→ **TASK STATEMENT**
In the material below, the required lines run from the one containing "A newly finished" through the one containing "Spacious garage with". Copy those lines exactly, ends included, and nothing else.

→ **LISTED ENTRIES**
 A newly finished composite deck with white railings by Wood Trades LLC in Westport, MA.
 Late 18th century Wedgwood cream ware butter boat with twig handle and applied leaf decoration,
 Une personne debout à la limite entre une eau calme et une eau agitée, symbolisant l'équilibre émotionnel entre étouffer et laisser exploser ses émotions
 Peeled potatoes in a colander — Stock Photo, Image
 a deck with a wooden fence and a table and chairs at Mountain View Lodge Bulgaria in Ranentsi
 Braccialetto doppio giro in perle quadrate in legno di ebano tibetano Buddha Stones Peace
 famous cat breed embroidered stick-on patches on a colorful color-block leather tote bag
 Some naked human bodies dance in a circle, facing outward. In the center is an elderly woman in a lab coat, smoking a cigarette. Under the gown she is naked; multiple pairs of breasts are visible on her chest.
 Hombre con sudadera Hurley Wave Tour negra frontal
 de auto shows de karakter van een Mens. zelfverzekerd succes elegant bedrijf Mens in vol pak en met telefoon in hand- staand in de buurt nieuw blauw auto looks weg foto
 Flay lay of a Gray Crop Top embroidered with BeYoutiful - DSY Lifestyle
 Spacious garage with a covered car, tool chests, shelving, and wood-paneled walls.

...

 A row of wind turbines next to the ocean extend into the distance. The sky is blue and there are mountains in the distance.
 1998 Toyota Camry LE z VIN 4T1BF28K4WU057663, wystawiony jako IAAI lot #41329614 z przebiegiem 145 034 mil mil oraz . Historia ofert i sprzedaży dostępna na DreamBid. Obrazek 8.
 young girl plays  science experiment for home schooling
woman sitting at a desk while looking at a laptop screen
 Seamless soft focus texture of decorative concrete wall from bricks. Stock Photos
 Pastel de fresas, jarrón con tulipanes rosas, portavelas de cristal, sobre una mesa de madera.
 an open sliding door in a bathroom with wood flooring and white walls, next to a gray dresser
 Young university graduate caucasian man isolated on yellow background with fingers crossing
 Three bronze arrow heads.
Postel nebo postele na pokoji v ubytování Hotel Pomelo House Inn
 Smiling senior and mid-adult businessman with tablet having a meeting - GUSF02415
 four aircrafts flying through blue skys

→ **EXERCISE RESPONSE**
 A newly finished composite deck with white railings by Wood Trades LLC in Westport, MA.
 Late 18th century Wedgwood cream ware butter boat with twig handle and applied leaf decoration,
 Une personne debout à la limite entre une eau calme et une eau agitée, symbolisant l'équilibre émotionnel entre étouffer et laisser exploser ses émotions
 Peeled potatoes in a colander — Stock Photo, Image
 a deck with a wooden fence and a table and chairs at Mountain View Lodge Bulgaria in Ranentsi
 Braccialetto doppio giro in perle quadrate in legno di ebano tibetano Buddha Stones Peace
 famous cat breed embroidered stick-on patches on a colorful color-block leather tote bag
 Some naked human bodies dance in a circle, facing outward. In the center is an elderly woman in a lab coat, smoking a cigarette. Under the gown she is naked; multiple pairs of breasts are visible on her chest.
 Hombre con sudadera Hurley Wave Tour negra frontal
 de auto shows de karakter van een Mens. zelfverzekerd succes elegant bedrijf Mens in vol pak en met telefoon in hand- staand in de buurt nieuw blauw auto looks weg foto
 Flay lay of a Gray Crop Top embroidered with BeYoutiful - DSY Lifestyle
 Spacious garage with a covered car, tool chests, shelving, and wood-paneled walls.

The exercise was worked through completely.